Your job is to return every line of the listing holding the string "classic".
*** SOURCE DATA ***
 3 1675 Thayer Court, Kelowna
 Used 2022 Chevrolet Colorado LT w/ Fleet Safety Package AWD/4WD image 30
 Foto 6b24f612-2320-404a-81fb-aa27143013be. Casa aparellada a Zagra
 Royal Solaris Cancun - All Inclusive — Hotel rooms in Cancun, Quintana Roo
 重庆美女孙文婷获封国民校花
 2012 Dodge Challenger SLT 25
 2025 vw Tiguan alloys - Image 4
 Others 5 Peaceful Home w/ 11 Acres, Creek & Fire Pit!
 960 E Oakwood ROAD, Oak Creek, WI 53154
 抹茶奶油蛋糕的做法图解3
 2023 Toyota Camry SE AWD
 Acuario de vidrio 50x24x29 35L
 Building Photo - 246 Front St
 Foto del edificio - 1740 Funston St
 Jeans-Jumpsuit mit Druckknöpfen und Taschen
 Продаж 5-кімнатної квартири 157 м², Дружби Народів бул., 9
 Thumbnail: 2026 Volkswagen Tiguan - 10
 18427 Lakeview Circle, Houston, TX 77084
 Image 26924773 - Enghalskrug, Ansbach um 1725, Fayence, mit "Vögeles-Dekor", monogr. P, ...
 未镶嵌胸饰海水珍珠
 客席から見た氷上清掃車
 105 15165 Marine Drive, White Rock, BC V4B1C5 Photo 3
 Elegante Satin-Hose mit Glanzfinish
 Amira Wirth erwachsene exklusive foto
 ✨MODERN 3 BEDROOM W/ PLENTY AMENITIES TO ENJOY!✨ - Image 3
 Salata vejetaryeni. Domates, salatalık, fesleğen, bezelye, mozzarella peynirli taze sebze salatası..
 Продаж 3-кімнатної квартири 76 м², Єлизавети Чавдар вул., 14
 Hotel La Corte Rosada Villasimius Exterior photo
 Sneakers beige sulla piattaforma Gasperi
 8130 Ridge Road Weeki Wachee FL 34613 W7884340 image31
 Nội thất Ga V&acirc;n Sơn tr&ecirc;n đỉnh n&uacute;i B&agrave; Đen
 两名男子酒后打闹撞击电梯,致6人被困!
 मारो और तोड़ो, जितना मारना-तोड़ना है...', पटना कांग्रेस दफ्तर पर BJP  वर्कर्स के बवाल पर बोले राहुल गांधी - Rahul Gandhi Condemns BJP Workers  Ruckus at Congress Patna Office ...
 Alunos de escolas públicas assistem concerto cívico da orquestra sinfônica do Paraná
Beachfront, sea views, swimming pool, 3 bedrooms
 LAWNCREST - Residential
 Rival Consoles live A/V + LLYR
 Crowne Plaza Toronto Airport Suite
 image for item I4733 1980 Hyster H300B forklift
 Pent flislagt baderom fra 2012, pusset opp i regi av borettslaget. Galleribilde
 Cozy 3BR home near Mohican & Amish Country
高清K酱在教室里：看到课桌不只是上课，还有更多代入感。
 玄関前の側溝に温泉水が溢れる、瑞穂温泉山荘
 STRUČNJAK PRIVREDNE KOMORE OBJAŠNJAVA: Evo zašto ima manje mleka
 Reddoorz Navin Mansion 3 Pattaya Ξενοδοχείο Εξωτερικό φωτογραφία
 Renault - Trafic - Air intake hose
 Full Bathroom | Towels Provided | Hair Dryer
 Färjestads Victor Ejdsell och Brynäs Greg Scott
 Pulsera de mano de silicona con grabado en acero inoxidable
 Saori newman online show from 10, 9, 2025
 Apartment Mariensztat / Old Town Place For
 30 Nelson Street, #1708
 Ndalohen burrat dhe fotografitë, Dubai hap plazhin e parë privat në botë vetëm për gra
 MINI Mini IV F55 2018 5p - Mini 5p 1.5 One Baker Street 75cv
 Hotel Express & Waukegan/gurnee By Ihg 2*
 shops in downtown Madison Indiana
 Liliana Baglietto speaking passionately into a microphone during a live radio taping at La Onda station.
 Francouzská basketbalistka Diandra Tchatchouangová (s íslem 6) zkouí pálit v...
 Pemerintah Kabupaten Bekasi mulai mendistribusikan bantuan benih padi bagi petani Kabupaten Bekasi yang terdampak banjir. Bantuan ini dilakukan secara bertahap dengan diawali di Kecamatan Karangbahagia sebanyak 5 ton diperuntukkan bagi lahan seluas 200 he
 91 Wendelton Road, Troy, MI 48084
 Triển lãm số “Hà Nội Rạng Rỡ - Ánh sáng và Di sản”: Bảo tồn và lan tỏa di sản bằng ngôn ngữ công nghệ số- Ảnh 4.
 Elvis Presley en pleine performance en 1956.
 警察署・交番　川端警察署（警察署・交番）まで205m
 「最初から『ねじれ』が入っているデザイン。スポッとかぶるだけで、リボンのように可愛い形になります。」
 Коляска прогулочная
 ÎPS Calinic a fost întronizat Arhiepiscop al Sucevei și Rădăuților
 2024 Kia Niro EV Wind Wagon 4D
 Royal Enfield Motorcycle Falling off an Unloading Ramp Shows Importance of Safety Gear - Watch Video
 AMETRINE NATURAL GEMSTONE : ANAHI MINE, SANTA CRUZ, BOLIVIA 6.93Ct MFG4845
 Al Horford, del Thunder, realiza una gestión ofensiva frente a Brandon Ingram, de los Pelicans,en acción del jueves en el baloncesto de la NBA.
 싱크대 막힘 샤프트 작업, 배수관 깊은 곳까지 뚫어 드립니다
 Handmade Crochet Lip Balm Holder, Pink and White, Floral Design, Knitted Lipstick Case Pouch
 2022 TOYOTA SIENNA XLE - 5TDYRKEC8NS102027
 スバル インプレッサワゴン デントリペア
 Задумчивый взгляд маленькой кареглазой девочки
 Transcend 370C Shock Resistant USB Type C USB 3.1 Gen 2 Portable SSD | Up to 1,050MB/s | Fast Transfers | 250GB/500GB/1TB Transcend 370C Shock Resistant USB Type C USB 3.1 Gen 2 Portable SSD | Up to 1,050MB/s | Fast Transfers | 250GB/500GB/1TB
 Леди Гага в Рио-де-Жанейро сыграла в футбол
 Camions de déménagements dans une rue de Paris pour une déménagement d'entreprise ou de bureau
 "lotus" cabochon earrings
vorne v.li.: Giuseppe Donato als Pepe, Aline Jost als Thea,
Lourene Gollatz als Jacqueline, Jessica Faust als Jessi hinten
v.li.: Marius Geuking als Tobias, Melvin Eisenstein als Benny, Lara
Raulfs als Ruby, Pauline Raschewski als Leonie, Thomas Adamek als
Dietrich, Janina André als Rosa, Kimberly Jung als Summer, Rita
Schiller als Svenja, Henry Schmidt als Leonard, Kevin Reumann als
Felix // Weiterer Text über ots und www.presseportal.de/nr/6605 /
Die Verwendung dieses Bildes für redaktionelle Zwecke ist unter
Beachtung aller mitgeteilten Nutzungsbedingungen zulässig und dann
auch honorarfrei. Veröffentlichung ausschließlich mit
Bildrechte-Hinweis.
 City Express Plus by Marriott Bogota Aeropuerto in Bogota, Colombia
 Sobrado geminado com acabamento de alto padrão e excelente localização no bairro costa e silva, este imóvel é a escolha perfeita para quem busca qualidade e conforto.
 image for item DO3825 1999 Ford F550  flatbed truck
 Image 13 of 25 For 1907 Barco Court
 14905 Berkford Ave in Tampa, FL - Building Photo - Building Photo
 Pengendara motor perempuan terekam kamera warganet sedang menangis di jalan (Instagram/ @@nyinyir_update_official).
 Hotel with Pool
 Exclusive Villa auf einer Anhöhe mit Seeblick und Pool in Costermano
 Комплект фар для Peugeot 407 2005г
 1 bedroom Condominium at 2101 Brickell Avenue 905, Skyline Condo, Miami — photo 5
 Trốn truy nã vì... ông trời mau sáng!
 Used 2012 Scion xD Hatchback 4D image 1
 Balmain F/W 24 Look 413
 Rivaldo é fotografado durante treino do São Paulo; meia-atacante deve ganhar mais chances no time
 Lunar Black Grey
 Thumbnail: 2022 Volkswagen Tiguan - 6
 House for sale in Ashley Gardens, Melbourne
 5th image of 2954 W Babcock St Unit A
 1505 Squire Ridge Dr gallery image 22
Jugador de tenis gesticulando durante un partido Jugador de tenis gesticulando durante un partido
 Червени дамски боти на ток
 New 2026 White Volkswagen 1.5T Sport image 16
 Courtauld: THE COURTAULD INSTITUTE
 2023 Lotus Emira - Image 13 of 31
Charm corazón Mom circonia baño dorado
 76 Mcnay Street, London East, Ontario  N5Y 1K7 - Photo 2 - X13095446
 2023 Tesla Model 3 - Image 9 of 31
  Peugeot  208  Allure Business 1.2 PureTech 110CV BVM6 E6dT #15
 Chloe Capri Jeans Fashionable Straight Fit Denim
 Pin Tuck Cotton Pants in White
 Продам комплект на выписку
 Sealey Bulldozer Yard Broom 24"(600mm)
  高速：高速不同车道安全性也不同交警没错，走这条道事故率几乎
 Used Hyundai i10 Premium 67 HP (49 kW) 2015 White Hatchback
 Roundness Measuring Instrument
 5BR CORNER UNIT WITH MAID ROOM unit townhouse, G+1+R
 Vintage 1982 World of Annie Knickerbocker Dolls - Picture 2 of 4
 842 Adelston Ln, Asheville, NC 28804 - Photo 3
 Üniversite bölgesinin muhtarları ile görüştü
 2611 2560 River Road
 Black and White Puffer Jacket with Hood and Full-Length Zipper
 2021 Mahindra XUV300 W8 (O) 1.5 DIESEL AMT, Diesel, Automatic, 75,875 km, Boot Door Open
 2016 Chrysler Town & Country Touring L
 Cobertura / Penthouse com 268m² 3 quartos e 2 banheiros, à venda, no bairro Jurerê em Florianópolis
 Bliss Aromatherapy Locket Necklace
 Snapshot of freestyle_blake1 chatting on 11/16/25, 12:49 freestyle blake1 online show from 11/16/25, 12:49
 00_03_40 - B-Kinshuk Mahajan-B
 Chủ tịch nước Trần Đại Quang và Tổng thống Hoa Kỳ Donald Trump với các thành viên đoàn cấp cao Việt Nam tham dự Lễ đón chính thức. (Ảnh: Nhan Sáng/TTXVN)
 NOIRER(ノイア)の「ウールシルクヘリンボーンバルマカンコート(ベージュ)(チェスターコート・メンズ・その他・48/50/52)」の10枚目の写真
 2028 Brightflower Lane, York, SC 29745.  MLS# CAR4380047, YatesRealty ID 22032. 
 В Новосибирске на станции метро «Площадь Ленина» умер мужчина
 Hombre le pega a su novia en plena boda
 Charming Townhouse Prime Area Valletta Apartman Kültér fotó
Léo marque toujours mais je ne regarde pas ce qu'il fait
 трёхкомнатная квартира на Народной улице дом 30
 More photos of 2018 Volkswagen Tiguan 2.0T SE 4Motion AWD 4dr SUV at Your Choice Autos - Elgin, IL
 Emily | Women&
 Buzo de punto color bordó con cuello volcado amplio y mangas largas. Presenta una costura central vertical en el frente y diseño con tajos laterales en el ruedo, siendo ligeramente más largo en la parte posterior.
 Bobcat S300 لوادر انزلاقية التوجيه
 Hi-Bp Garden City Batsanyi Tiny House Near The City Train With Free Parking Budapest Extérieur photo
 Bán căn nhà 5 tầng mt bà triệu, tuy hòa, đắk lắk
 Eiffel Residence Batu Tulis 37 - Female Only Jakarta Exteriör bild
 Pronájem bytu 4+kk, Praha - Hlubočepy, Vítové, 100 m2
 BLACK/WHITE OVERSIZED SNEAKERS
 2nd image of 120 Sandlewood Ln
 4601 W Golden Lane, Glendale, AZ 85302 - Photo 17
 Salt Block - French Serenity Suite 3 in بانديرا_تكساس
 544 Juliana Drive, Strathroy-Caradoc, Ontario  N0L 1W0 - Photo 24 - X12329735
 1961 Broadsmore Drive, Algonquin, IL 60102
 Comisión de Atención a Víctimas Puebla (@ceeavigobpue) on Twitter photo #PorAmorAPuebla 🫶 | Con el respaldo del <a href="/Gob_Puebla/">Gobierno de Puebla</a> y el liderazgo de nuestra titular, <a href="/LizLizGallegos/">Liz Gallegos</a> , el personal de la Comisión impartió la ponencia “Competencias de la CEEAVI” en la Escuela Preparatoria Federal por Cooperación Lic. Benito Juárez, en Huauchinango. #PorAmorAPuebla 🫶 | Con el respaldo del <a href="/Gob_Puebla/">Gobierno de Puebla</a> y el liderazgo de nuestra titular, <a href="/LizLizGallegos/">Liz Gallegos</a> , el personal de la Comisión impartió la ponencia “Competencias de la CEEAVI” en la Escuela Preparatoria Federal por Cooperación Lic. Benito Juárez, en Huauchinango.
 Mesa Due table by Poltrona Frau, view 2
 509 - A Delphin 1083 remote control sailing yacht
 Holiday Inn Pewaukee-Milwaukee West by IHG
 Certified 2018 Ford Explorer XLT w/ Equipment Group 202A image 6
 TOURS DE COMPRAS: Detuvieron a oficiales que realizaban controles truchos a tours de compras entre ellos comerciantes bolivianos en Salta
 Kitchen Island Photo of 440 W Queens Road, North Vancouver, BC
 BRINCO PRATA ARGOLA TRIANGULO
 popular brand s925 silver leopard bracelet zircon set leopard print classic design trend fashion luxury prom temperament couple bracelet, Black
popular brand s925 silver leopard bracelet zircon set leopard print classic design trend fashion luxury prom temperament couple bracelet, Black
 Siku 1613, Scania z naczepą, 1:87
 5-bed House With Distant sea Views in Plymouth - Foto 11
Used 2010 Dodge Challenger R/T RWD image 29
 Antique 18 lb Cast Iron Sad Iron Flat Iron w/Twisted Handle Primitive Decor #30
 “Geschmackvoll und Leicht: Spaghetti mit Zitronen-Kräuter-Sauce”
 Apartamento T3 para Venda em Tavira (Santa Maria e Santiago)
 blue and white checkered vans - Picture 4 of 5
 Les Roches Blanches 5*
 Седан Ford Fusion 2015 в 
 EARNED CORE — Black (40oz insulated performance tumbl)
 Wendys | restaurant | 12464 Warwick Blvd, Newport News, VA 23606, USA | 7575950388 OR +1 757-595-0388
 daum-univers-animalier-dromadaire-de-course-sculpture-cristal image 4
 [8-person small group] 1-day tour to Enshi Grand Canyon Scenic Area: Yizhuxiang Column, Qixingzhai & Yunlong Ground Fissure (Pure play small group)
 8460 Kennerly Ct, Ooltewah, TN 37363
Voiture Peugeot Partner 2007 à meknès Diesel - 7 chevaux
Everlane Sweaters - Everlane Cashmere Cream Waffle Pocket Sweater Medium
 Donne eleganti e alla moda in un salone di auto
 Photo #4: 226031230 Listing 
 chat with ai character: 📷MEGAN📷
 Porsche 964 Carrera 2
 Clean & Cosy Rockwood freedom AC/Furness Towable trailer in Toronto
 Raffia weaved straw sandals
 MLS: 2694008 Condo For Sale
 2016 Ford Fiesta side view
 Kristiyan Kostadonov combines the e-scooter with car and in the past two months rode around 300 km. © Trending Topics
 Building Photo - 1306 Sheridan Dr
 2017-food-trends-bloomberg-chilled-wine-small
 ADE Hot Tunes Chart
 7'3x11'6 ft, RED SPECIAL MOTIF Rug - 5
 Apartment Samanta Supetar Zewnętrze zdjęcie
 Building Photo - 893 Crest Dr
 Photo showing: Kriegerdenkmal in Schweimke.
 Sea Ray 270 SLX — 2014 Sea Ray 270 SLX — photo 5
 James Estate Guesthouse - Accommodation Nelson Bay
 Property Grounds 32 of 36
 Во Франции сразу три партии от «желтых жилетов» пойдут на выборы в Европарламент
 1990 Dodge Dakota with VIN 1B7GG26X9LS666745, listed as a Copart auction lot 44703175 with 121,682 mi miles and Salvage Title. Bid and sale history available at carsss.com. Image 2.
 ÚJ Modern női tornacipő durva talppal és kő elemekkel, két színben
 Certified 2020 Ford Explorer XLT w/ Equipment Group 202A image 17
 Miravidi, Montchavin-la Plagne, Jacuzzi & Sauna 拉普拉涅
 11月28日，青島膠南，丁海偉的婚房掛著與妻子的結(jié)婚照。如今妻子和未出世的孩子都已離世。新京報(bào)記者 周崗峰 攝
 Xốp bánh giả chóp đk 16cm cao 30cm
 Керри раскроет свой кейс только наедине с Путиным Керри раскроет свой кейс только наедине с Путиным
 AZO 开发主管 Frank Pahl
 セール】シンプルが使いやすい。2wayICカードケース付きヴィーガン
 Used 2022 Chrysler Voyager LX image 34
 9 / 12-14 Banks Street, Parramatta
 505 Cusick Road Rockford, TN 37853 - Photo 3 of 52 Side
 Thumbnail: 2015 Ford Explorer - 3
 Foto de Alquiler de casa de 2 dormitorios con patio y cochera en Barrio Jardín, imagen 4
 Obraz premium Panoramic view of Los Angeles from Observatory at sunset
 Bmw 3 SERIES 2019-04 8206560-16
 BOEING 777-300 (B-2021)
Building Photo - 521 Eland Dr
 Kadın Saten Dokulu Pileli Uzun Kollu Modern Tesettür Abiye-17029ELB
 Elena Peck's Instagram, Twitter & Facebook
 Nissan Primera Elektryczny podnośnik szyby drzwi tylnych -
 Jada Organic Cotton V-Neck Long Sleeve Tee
*** End of SOURCE DATA ***
[SOLUTION TO THE EXERCISE]
 popular brand s925 silver leopard bracelet zircon set leopard print classic design trend fashion luxury prom temperament couple bracelet, Black
popular brand s925 silver leopard bracelet zircon set leopard print classic design trend fashion luxury prom temperament couple bracelet, Black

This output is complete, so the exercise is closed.